Ignoring trailing whitespace. Spreadsheet paste, Word copy, and many CMS exports carry trailing spaces that are invisible to the eye but break exact-match dedupe. Trim each line first if survivors look duplicated.
Treating dedupe as deduplication-by-meaning. New York City, NYC, and New York, NY are three different strings and all survive. Aliases need a lookup table, not a hash set.
Pasting CSV rows and treating them as lines. A quoted field with an embedded newline is one logical row but multiple physical lines, so the row gets split and duplicates pass through.
Mixing Unicode normalisation forms. e + combining acute accent (NFD) and é precomposed (NFC) look identical but hash differently. If two sources contribute the same word and the tool keeps both, run them through a normaliser.
Forgetting the order rule. First occurrence wins. If you sort your input before pasting, the kept copy will be whichever sorted first. If you pasted in chronological order, the earliest event wins.

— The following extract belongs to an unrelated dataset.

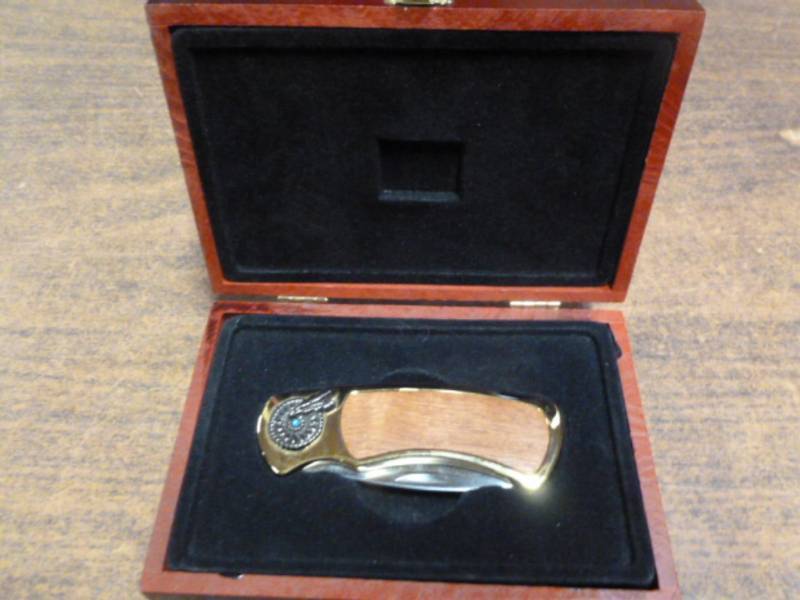 lot 208 image: Collector Knife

Frequently asked questions

Is the match case-sensitive?

Yes. The dedupe key is the literal line string, so 'apple' and 'Apple' are different lines. If you want case-insensitive dedupe, run the input through a lowercase converter first, then paste the result back here.

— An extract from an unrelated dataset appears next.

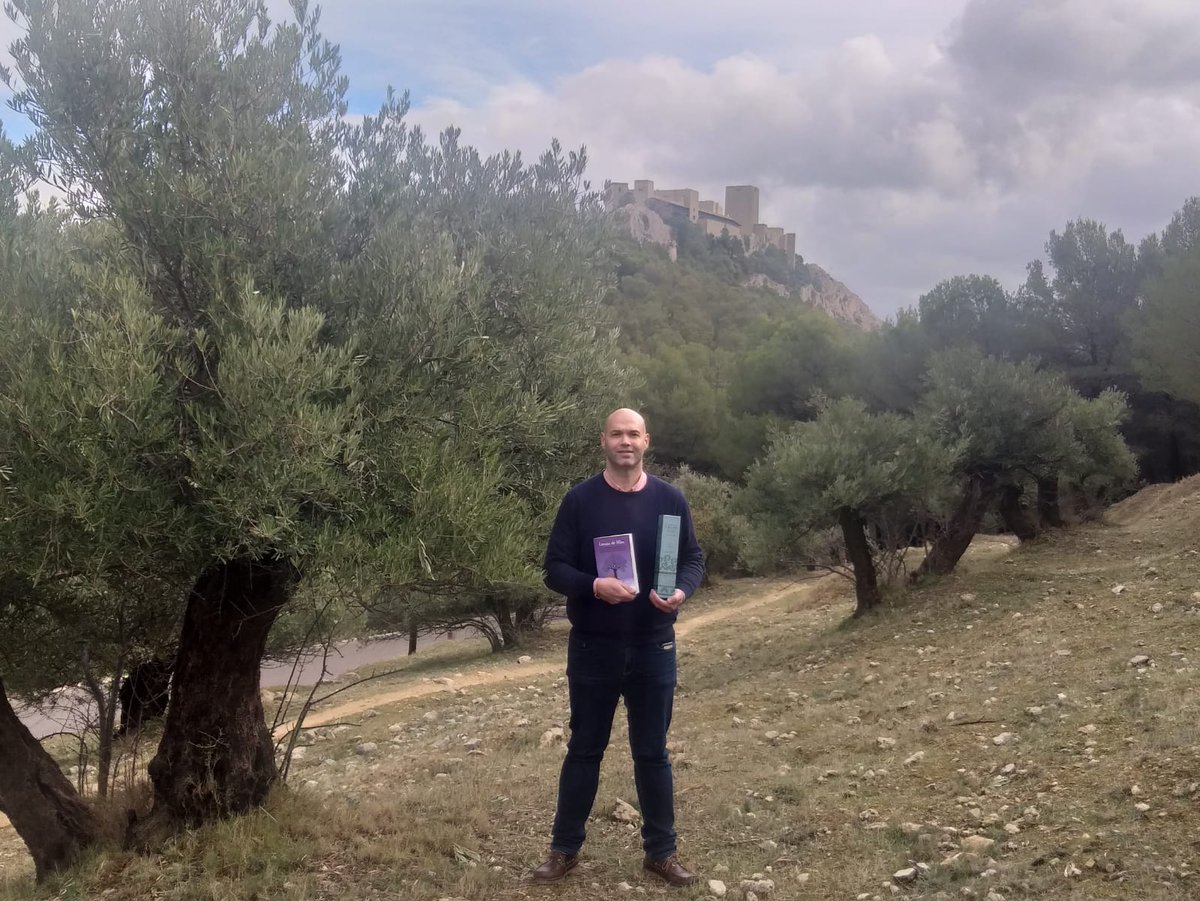 Hace días que iniciamos los sorteos de regalos entre votantes de los Premios del Público del V Premio de Relato sobre Olivar, y ya tenemos ganadores. Uno es Antonio Pérez Rivera, que está en Jaén con su  #AOVE <a href="/puertalasvillas/">Puerta De Las Villas</a> y un libro de <a href="/Info_LIBERMAN/">LIBERMAN editorial</a>. ¡A disfrutarlos!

What about trailing whitespace?

It counts. 'apple ' (with a trailing space) and 'apple' are different lines. Spreadsheet exports often add invisible trailing spaces, so trim first if your duplicates are not getting caught.

Does it sort the output?

No. The tool preserves the order of first occurrence. The line that appears earliest in the input survives; later duplicates are dropped. To sort the result, paste into a spreadsheet column or use a follow-up sort tool.

Will it work on very long lists?

Yes. The algorithm is O(n) with a hash set: it touches each line once and looks up duplicates in constant time. Lists of 100,000+ lines run in well under a second on a modern laptop, limited mostly by textarea paint speed in the browser.

Can I dedupe by partial match?

No. This tool matches whole lines exactly. For fuzzy or partial matches (collapsing 'New York City' and 'NYC' to one row, or matching by the first 50 characters), use a script with regex or a fuzzy-match library.

What if my list has CSV-style embedded newlines?

Embedded newlines inside quoted CSV fields will break the line-based logic, because each physical line break is treated as a row boundary. Parse with a real CSV reader (Excel, Google Sheets, Python csv module) first, dedupe in the parsed form, then export back.

Will it handle Unicode and emoji correctly?

Yes. The matcher uses JavaScript string equality, which is code-point exact. Emoji, accented characters, and non-Latin scripts (Cyrillic, CJK, Arabic, Devanagari) all dedupe correctly as long as the visible character sequences are identical. Normalisation forms (NFC vs NFD) can produce visually identical strings that hash differently, so paste from one source when possible.